The law-and-order movement peaked in the 1990s, when California introduced a “three strikes” law that mandated life imprisonment without parole for any third felony conviction—even nonviolent ones. As a result, prisons became crowded, and states went deep into debt to build more. By the end of the century, the war began to die down as the public lost interest in the problem, the costs of the punishment binge became politically burdensome, and scholars and politicians began to advocate the decriminalization of drug use. By this time, however, hundreds of thousands of people had been incarcerated for drug offenses and the total number of prisoners in the nation had grown four-fold in the last quarter of the century. Particularly glaring were the racial inequities of the new age of mass incarceration, with African Americans being seven times more likely to be in prison (Figure 31.10).
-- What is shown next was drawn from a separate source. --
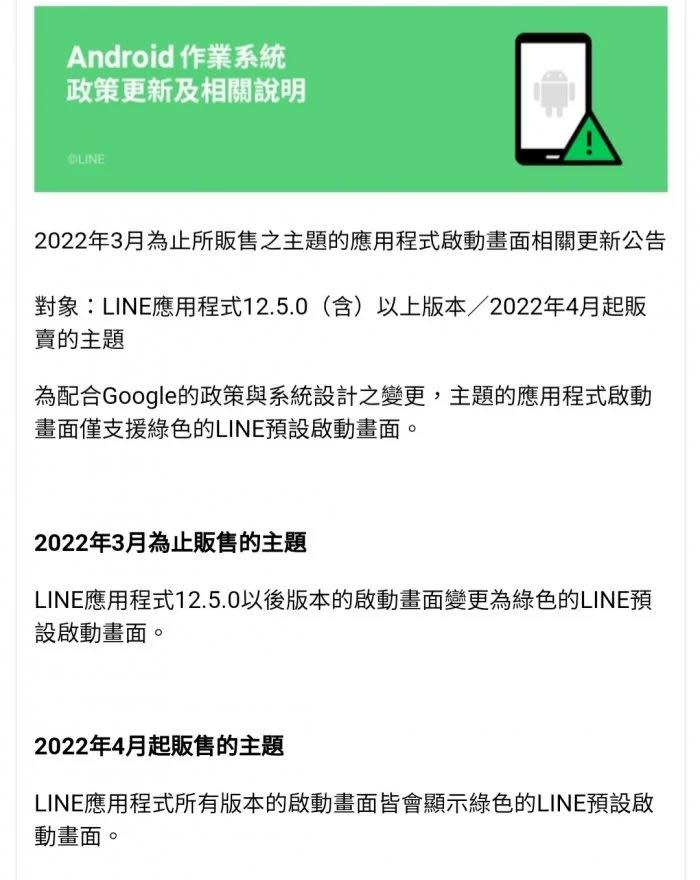 LINE發布的相關說明。（圖／翻攝自LINE原創市集 官方部落格）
In some states, such as New York, over 90 percent of people in prison were Black or Hispanic. Incarcerated people could neither generate income nor support their communities and families. In most states, convicted felons could not vote while in prison and even upon their release, which reduced the impact of minorities in legislation and representative bodies. And many companies and organizations avoided hiring people who had been previously convicted of felonies, resulting in a cycle of poverty and social stagnation that existed on stark racial lines.
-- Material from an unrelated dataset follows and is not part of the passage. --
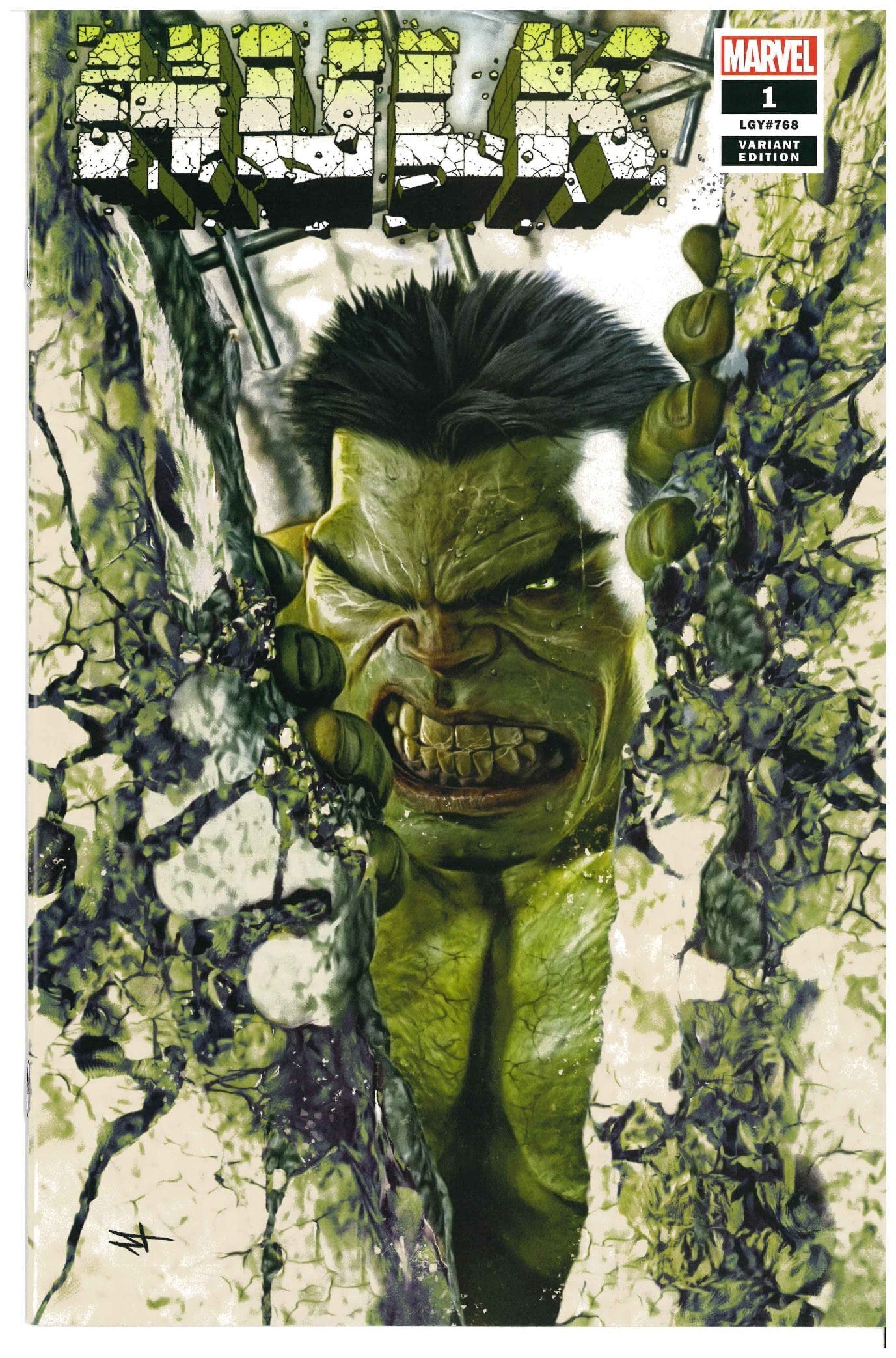 Hulk #1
Greater awareness around police practices and use of force developed with the increased availability of recording devices. In 1991, the country watched a citizen's video of Los Angeles police officers repeatedly beating an unarmed man, Rodney King, with their batons. Over a minute of footage showed dozens of strikes and kicks while King lay on the ground or attempted to rise. The officers were put on trial for assault and excessive force, but were ultimately acquitted. In the riots that followed the acquittal, 63 people were killed and and over two thousand injured, with over $1 billion in damage. President Bush said that, "it was hard to understand how the verdict could square with the video." Two of the officers were later convicted of federal charges for willfully using unreasonable force.